Yet none of this entirely explains the scale and depth of the criticism hurled at the emirate by the British media. Seasoned foreign correspondents were dispatched to pronounce on the shortcomings of Dubai, sometimes barely 24 hours after they checked into their five-star hotels. Other writers based their Middle Eastern credentials on recycled memories of press trips that in some cases were already several years old.

In all cases, the comment was of the kind you would not normally find on the business pages. But it was typical of the style and tone that has become familiar when Dubai hits the news. It is clear that Dubai has been a target, particularly in the British media, for some time. Over the past year, this narrative has drawn on a number of headline-grabbing events. Michelle Palmer and Vince Acors's tryst on the beach became a symbol of behaviour, both perceived and real, of the well-heeled expatriate community, and tourists.

Other storylines focused on exorbitantly luxurious hotels, mistreated construction workers on ambitious developments, and more recently, a general sense that cracks are showing. Even if these reports do not completely colour the impression of Dubai in Britain, by their very familiarity, they set the tone for the majority of readers. In the case of Dubai, this results in the idea that the emirate is chiefly a combination of western money and western cultural norms, via a process of joining a selected number of dots.

Thus we read mostly about ambitious construction projects and all-you-can-eat-and-drink brunches - with the occasional intervention of an authoritative legal system - and very little about Dubai outside this western conception, which is given little context other than host to a globalised, immigrant population. A significant section of the response to Dubai's financial troubles has been formulaic, drawing on cliché informed by a narrative sustained at quite a remove from Dubai itself.

The most bombastic contributions - and those which grabbed the biggest headlines - came not from the western correspondents resident in Dubai to cover the region, but from a small number of journalists who have visited briefly in the past, and some who have not. Almost every British newspaper has run a "dark side of Dubai"-style exposé in the past year. These pieces have a number of common characteristics. Essentially, they are all a broad condemnation comprising a number of salient points: the working conditions of imported labour, environmental concerns, the treatment of various Britons who have fallen foul of UAE law for what are perceived to be minor crimes, and the alleged general wastefulness of its inhabitants, particularly in the context of the global economic downturn.

So, on the one hand there are tales of down-on-their-luck expatriates deep in debt, of cars being abandoned at the airport because repayments have become too much to handle, while on the other hand there are those who are perceived to be having their cake and eating it at the expense of others. In all these, a picture is painted from a narrow stock of imagery. Dubai is frequently described as a monument to various things, most commonly rendered as a "monument to vanity / greed / hubris" or any combination thereof. One writer described Dubai, somewhat opaquely, as a monument to "the cartoonish simplicity of male desire".

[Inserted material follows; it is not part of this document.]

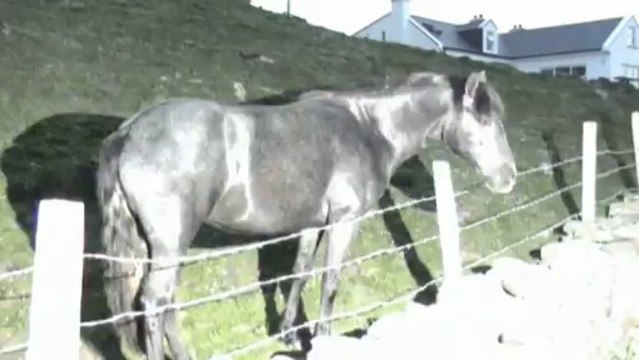 New01.mpg Irelande 5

There is also a more literate tack taken by some writers, which harks more to the old conception of the Middle East in the western classical imagination than it draws on current, informative terminology. Ozymandias, as Ramses II, the third pharaoh of the 19th dynasty of ancient Egypt, is known in the Greek sources, was the title of a Percy Bysshe Shelley sonnet of the Romantic period ruminating on the decline of empire, and was referenced a number of times in the recent coverage.

As such, the poem of Ozymandias is not an obvious analogy for debt restructuring, while others less versed in the classics suggest a "last days of Rome" feel to Dubai. To bring this "imminent decline" theme fully up-to-date, the headline "The Party's Over" has been seen a few times this year. However, the most common imagery of all to describe the problems faced by the emirate as conceived by many journalists is informed by the region's geophysical constituency.

There are countless examples of analogies and metaphors involving sand and the desert: "built on shifting sands", "head in the sand", "desert storm", "just deserts" and "mirages". Enter the phrase "Dubai+sand+castle" in Google, and the search returns an astonishing 120,000 examples, most from articles about the emirate's financial problems. Some of the immediate coverage featured headlines that played on the fear angle, predicting "financial Armageddon", and warning "dismiss this new crisis at your peril".

One broadsheet article was able to fit in the "West", "fears" and "terrorist threat" all in the headline and first sentence of an article. Writing after the weekend, that initial excitability had downgraded the assessment to "crisis of confidence". In fact, the sense of fear that drove some of the coverage was overtly contradictory: one newspaper noted in a headline on November 28 that "Banks rebound as Dubai fears subside", yet the same day, the same newspaper's Irish edition headlined "Dubai fears increase".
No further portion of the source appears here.